* [ABOUT THIS TASK]: Within the records below, filter for lines carrying the word "Picture" and copy them.

* [SUPPLIED RECORDS]:
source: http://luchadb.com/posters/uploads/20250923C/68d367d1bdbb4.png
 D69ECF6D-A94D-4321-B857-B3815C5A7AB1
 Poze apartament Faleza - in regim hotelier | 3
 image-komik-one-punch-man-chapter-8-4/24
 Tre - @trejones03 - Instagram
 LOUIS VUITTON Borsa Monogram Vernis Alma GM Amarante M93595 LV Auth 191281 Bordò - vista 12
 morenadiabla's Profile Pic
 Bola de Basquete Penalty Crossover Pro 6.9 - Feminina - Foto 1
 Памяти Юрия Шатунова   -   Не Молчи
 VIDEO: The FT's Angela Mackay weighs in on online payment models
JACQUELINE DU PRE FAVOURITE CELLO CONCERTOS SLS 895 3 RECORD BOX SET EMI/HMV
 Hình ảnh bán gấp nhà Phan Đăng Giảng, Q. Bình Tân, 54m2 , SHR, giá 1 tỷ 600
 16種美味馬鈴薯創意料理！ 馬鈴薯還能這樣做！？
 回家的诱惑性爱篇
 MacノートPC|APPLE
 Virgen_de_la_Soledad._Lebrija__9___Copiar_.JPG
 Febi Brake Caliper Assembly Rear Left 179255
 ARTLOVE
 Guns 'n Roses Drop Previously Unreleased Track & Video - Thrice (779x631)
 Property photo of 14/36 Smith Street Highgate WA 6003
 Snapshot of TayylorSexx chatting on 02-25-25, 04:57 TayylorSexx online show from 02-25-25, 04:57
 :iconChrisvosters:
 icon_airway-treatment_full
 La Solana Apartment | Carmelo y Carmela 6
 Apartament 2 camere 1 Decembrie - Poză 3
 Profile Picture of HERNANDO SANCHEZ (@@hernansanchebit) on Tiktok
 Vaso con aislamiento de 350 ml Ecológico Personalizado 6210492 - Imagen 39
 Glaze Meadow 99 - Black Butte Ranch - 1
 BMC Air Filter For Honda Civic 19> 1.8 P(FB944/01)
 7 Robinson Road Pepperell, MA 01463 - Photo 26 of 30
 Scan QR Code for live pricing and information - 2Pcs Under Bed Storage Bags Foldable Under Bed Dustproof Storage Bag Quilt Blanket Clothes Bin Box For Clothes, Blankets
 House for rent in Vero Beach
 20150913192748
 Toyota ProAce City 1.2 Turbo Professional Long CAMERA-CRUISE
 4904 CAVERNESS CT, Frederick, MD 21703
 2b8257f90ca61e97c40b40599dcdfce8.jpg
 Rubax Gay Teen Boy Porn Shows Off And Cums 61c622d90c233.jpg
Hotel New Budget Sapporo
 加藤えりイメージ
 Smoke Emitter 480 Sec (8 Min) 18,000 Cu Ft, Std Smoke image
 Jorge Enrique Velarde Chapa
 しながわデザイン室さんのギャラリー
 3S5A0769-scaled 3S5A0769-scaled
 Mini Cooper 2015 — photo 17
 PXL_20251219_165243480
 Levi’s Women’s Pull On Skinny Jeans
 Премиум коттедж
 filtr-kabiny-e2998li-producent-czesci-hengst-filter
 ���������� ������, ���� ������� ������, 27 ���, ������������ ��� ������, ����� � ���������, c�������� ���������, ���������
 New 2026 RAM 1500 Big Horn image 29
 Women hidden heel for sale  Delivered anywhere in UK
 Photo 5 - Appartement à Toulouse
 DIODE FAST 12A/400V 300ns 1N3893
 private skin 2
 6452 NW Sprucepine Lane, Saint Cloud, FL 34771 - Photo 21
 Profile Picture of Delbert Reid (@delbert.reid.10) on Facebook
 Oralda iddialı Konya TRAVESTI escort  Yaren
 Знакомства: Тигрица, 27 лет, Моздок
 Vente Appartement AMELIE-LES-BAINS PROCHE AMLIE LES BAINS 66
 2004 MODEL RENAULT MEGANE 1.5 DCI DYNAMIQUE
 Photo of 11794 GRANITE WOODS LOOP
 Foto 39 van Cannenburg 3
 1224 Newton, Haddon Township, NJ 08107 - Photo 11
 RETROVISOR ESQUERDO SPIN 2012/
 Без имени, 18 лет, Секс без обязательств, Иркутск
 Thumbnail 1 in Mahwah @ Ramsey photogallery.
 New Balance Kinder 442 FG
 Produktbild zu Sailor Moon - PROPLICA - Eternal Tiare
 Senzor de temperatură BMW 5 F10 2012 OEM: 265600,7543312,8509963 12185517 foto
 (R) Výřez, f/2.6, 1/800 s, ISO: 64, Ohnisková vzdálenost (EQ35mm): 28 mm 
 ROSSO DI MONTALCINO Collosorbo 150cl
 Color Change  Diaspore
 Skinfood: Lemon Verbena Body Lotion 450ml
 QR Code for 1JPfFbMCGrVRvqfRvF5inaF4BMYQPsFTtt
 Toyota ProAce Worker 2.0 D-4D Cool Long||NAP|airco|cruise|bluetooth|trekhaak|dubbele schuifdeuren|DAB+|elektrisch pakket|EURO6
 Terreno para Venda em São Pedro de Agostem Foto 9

* [COMPLETED EXERCISE]:
 Profile Picture of HERNANDO SANCHEZ (@@hernansanchebit) on Tiktok
 Profile Picture of Delbert Reid (@delbert.reid.10) on Facebook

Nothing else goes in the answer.